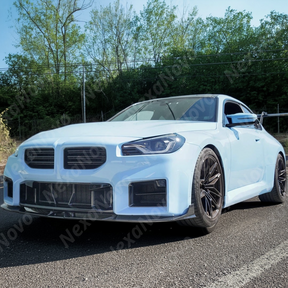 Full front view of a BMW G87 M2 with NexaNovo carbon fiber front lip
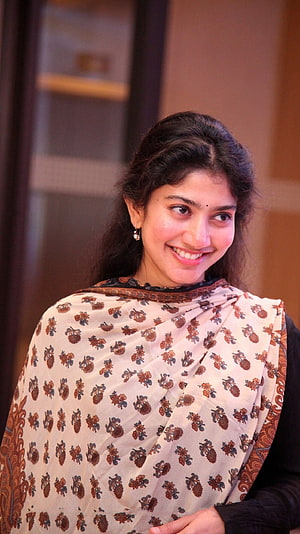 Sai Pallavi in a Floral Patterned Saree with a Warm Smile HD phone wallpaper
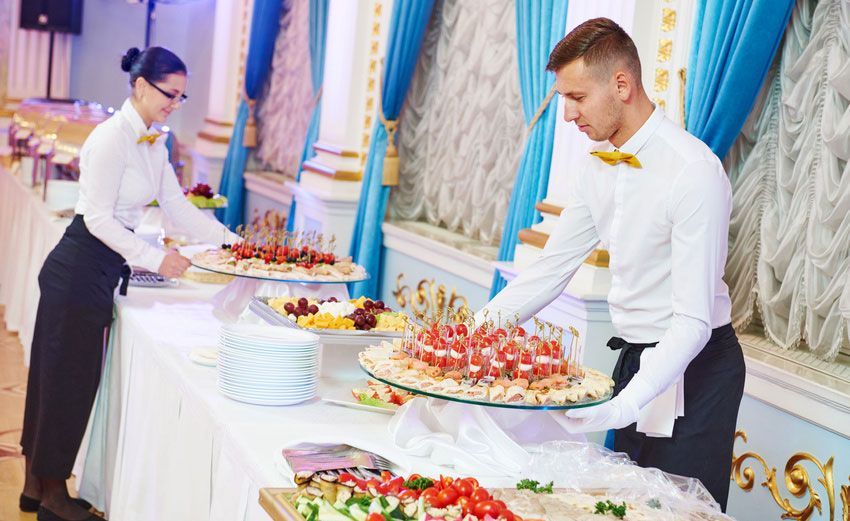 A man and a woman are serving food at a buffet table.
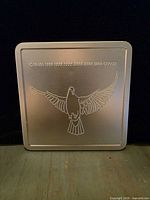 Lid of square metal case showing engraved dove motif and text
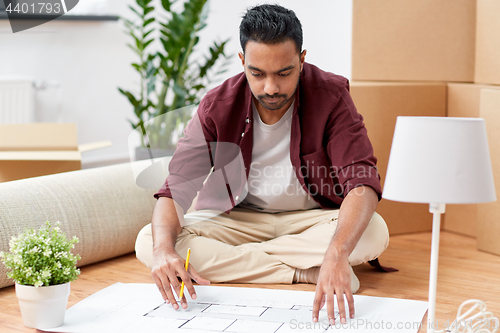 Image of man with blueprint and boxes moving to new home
◆ ◆ ◆
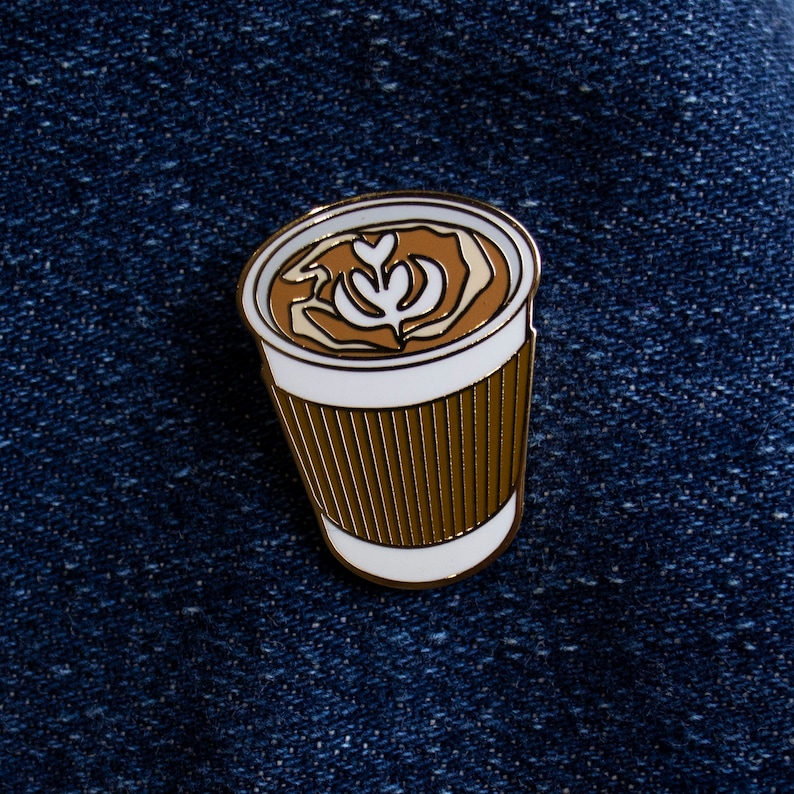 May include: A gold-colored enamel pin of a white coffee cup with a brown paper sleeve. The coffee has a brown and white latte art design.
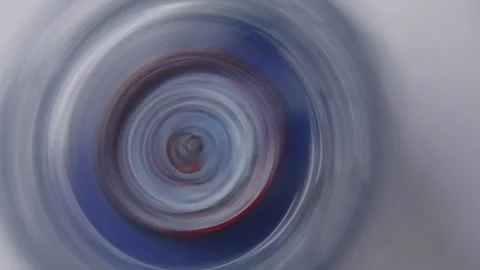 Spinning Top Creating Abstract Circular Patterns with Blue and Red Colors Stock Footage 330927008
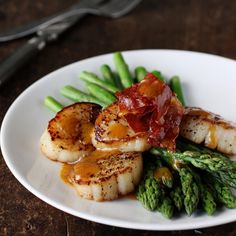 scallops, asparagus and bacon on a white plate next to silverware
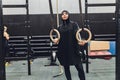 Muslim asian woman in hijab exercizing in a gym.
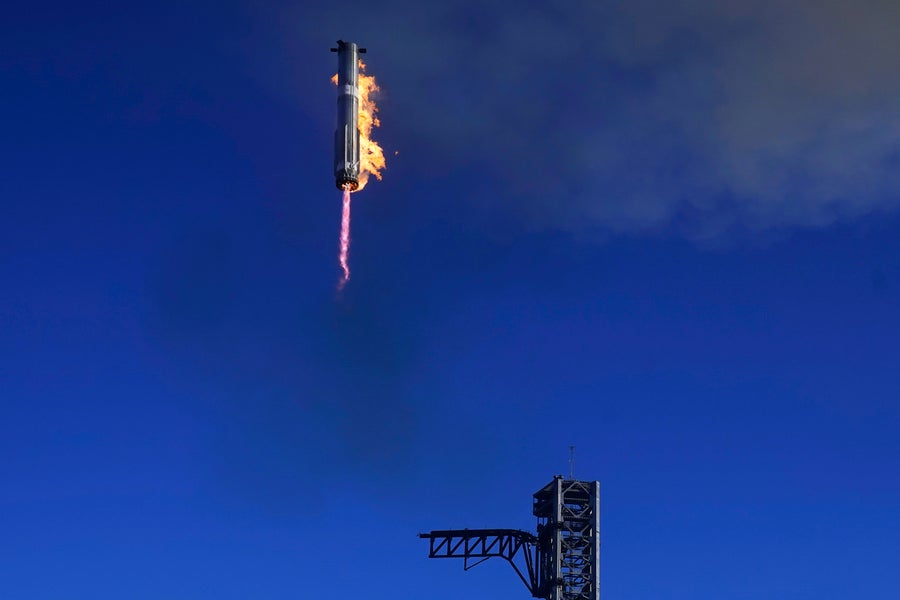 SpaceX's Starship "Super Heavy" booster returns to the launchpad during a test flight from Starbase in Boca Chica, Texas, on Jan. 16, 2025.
◆ ◆ ◆
#### Exercise requirements
Only one stretch of the listing is wanted: the lines starting at the one with "Full front view" and ending at the one with "Image of man", copied exactly and free of pictures.

#### Result of the exercise
 Full front view of a BMW G87 M2 with NexaNovo carbon fiber front lip
 Sai Pallavi in a Floral Patterned Saree with a Warm Smile HD phone wallpaper
 A man and a woman are serving food at a buffet table.
 Lid of square metal case showing engraved dove motif and text
 Image of man with blueprint and boxes moving to new home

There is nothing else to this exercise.